Węzeł, który Thyri umotał wokół skalnego występu, wyglądał solidnie. Krasnolud nie zdecydował się tylko jeszcze co do jednego... z której strony skały zrzucić linę. Bezpieczniej, może na pozór jeno, było uciekać w las. Ale gdzieś przy zagrodzie pozostała w osamotnieniu Hilly. Serce zaś dyktowało mistrzowi budowniczemu, że towarzyszy nie zostawia się samych... nawet jeśli rozum trzeźwo podpowiadał, że niewielka i sprytna hobbitka z łatwością wywiedzie w pole Dużych Ludzi i jeszcze większego, za to niewątpliwie głupiego trolla.
Malborn chciał ciskać kłodą w bandytów albo w trolla, i w sumie co do tego ostatniego to Thyri podzielał pragnienia Strażnika. Tyle że lepiej znał możliwości swego ludu.

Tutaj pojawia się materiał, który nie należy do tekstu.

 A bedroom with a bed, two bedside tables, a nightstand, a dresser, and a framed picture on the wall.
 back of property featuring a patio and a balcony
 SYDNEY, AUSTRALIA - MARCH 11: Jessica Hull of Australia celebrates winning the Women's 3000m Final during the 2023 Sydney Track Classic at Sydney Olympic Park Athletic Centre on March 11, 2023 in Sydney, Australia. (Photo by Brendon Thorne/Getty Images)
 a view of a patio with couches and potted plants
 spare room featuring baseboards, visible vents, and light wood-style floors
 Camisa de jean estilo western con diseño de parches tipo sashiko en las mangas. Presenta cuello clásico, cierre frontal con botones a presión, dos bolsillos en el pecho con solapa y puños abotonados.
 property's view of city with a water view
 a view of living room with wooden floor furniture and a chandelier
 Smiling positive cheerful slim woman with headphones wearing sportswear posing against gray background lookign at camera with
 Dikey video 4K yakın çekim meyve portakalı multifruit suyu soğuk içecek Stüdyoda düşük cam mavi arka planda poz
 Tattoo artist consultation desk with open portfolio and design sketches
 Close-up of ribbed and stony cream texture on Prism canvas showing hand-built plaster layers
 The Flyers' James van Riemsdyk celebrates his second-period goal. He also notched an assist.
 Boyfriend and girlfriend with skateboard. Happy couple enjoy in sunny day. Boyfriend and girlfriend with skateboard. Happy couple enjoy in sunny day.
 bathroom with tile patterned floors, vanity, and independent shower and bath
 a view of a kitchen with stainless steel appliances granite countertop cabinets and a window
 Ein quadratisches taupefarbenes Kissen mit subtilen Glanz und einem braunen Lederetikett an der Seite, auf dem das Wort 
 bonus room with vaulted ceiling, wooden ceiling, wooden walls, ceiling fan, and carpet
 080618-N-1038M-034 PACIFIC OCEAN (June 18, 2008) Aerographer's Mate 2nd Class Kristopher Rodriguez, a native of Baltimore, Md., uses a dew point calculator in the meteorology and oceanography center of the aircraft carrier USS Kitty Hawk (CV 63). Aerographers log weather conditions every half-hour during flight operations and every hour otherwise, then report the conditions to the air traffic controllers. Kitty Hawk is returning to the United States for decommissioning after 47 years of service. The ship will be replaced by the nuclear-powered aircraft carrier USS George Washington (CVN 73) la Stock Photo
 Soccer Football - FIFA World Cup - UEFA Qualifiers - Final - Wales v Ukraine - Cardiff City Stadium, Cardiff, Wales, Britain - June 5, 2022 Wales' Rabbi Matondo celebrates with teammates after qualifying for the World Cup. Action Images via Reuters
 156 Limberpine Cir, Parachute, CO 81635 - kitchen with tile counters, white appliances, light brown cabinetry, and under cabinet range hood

- Krzepkie są dzieci Durina, Malbornie - pokręcił głową na znak, że to się nie uda. - Ale nie aż tak...
W dole troll przymierzał się już do kolejnego pniaka, którym zapewne niebawem miał cisnąć. A za nim, w pewnym oddaleniu majaczyła zamknięta wrotami grota. Stamtąd troll wyniósł swój napitek. Możliwe, że tam mieszkał... albo tylko trzymał to, co uważał za cenne. Thyri przyłożył dłonie do ust i ryknął tubalnie.
- Bracia! Bracia! Do groty! Ryglujcie wrota! My trolla odciągniem! Chyżo! Chyżo!
Po czym stanął przy krawędzi skały, zamachał rękoma nad ozdobioną szyszakiem głową i wydarł się na trolla:
- Tutaj! Tutaj! Do nas chodź, szkarado! Tutaj!
A potem podniósł spod stóp skalny ułomek i rzucił w brzydki trollowy łeb, ani przez chwilę nie przestając popędzać krzykiem niewidzialnej, bo nieistniejącej armii ziomków, by się barykadowali w grocie.